* **Dataset entries**
┄┄┄┄┄┄
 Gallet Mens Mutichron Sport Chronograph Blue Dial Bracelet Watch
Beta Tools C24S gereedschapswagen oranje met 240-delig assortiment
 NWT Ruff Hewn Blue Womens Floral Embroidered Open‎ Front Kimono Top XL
┄┄┄┄┄┄
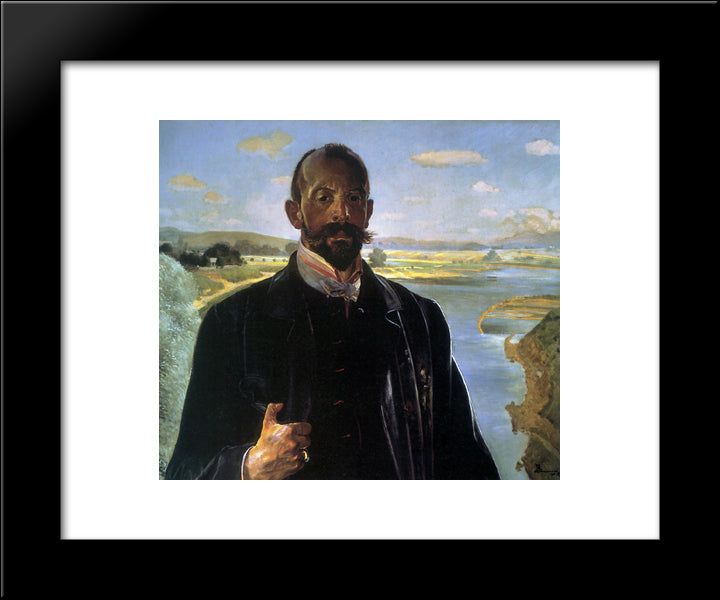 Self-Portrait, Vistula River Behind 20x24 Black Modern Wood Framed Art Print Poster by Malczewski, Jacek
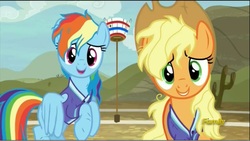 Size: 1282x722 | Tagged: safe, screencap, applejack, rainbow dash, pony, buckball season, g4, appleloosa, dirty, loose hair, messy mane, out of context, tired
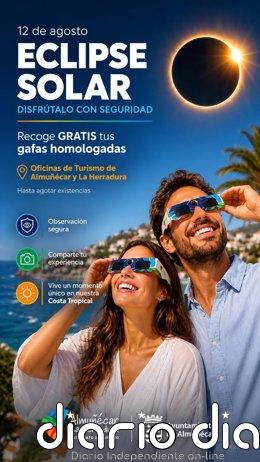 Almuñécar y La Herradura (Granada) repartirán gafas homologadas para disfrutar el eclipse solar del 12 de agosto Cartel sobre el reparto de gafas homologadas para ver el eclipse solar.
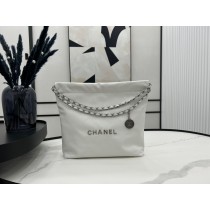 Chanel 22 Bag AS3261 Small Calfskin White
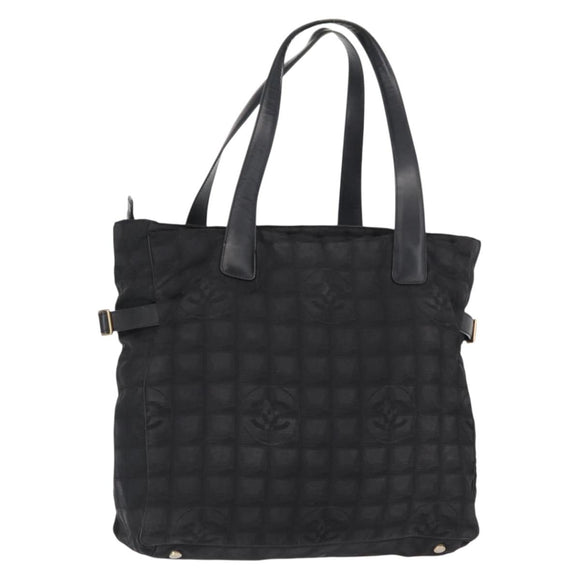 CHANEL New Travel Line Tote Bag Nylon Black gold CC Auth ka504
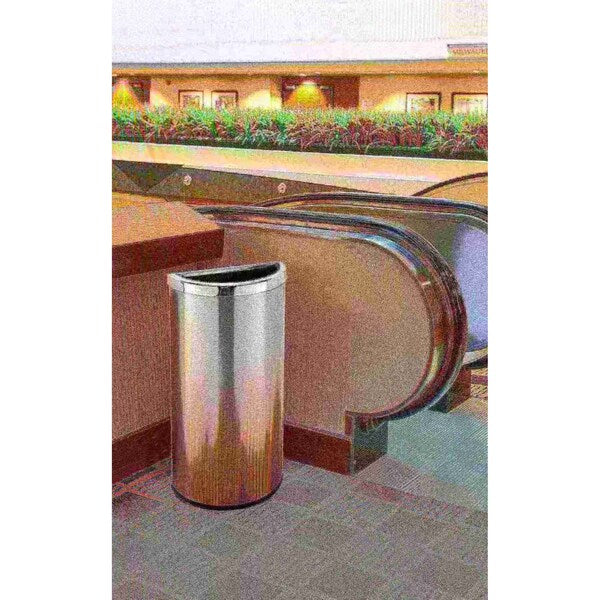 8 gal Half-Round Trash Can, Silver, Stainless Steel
┄┄┄┄┄┄
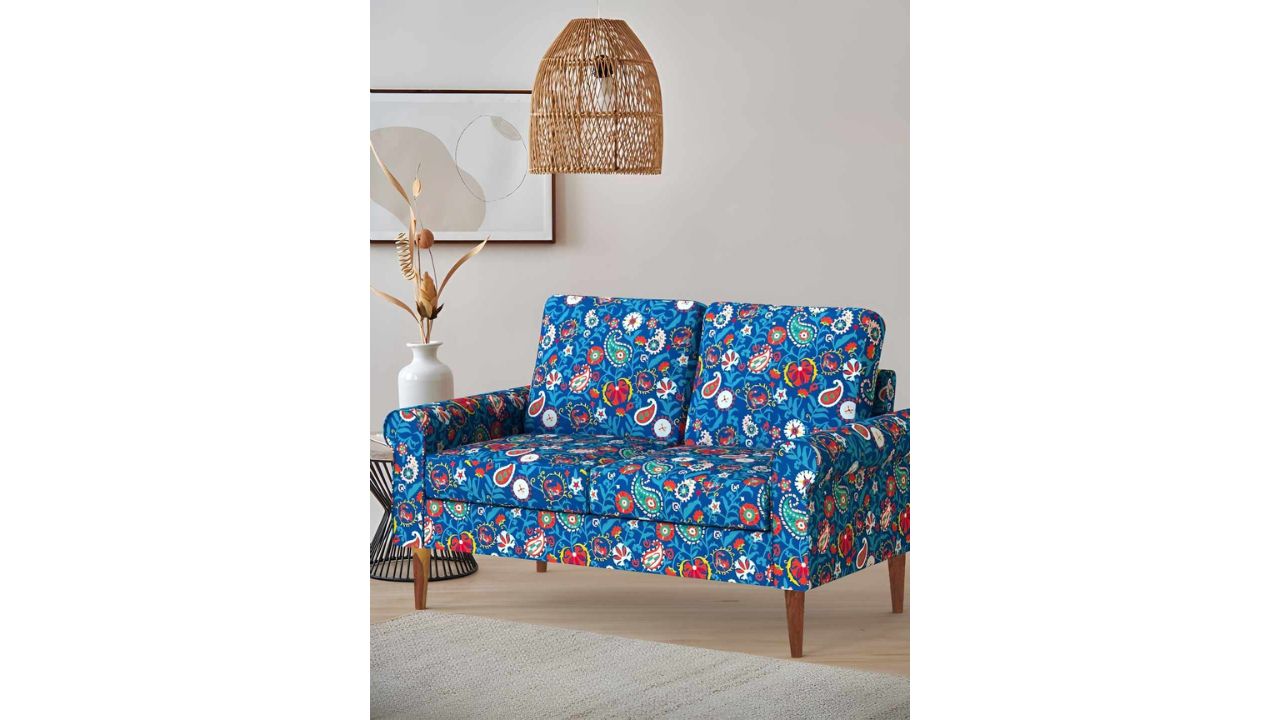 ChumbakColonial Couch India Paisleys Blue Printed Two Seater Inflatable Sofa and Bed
┄┄┄┄┄┄
* **Your objective**
Set down again, word for word, the stretch of records from the line with "Beta Tools C24S" to the line with "NWT Ruff Hewn", both of those lines included.

* **Response to this exercise**
Beta Tools C24S gereedschapswagen oranje met 240-delig assortiment
 NWT Ruff Hewn Blue Womens Floral Embroidered Open‎ Front Kimono Top XL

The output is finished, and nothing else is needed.